Regarding bonuses, yes they pale in comparison to IB roles requiring the same YOE. Even at top firms, I would say you're probably getting about 50% of what an IBD Analyst is receiving (assuming you are a Consulting Analyst or their 1st and 2nd year title equivalent). Do remember that weeks over 80 hours are pretty rare in consulting. Additionally, the average is probably around 65 a week. Any of my friends in IB would drool at the sound of a 65 hour week right now. Bonuses vary because hours and expectations vary. IB is objectively more demanding, thus the bonuses are objectively much higher. 

One of the worst things about consulting is getting stuck on a brutal sweaty project. Some will last over a year with no end in sight, and you can be stuck working day in and day out with a horrendous team full of brutal type A folks. 

Lastly, exit opps. While it is true that it is harder to achieve the same type of exit opps that you would in IB, you also get exposure to other roles. Corp Strat is a role typically fllled by ex-consultants and much less so ex-bankers. Now there is a case to be made that most bankers would opt for PE / Corp Dev instead, which I understand. 
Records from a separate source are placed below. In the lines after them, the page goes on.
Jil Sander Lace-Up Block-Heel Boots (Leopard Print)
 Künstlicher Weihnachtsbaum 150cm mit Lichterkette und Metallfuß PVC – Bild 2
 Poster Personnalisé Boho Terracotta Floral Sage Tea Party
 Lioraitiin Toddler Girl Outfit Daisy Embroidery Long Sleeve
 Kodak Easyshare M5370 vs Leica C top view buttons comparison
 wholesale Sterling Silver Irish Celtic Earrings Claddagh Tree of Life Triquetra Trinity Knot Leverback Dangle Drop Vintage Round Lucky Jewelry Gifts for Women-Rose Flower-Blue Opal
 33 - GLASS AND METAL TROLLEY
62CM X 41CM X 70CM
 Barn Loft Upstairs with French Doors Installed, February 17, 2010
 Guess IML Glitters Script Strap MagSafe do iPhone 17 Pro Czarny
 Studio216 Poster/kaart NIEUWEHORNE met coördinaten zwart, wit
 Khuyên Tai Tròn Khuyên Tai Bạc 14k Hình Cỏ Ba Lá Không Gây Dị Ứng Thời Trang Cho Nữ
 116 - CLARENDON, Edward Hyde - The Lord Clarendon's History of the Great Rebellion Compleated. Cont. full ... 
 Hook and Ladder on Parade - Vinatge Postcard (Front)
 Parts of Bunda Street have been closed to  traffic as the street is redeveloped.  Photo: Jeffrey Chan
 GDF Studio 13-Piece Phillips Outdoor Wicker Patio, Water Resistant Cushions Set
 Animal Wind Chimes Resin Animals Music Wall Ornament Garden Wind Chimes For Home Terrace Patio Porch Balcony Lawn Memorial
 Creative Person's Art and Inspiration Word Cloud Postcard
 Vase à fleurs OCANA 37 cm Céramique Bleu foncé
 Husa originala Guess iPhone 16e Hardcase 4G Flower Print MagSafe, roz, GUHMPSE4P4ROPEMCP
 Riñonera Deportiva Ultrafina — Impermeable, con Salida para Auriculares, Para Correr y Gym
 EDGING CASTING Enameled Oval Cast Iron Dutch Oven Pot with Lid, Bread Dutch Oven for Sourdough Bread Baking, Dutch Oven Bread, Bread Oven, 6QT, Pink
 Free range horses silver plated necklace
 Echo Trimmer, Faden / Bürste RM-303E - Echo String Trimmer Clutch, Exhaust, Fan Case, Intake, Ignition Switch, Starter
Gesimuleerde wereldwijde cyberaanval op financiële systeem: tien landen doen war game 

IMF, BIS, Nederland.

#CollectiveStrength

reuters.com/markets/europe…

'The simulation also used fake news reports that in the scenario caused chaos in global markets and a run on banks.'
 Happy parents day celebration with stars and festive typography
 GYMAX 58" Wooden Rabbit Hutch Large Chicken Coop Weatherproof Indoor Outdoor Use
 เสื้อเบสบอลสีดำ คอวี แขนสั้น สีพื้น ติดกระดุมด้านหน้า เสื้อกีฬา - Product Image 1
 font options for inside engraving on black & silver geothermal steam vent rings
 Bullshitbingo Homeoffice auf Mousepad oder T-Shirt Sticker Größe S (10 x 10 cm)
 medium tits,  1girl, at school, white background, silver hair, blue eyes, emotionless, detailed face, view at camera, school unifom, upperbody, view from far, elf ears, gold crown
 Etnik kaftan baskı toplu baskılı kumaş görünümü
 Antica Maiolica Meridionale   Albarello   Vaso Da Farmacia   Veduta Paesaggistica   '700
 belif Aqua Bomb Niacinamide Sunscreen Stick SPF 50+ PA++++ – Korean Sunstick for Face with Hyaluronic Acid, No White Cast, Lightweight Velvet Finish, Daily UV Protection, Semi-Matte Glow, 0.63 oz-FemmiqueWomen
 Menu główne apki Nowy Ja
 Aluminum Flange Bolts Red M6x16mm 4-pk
The main takeaway is consulting sucks for a lot of reasons, just like banking. Saying one is worse or completes less meaningful work is inaccurate and you are basing it off of your gf's limited experience. Having exposure to both industries I can confidently say a lot of it comes down to the passion you have for the work you do, your team, your ability to advance quickly, good mentors, and of course realistically solid comp. 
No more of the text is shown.